Using the listing below, give again exactly the lines from the line with "Level 7 Unlocked" to the line with "Cartoon: cake (medium)", inclusive, without the pictures.

◆ DATA FOR ANALYSIS:

-=-=-

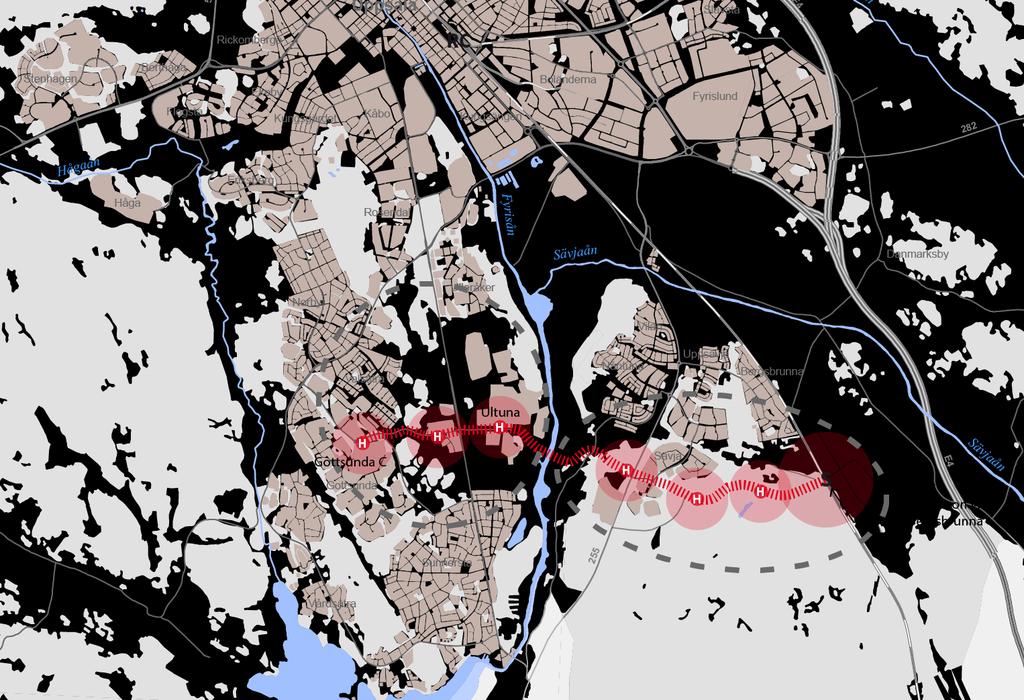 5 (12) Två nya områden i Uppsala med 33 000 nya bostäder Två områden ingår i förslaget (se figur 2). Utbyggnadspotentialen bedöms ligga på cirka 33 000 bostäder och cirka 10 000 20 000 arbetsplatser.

-=-=-

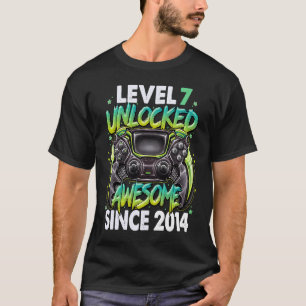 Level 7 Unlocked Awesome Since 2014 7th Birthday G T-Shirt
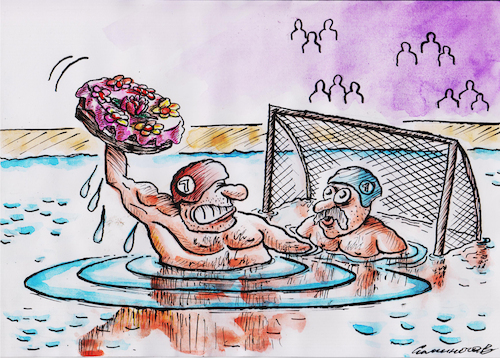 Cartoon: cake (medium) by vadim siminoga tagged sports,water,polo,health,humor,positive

-=-=-

◆ EXPECTED ANSWER:
 Level 7 Unlocked Awesome Since 2014 7th Birthday G T-Shirt
 Cartoon: cake (medium) by vadim siminoga tagged sports,water,polo,health,humor,positive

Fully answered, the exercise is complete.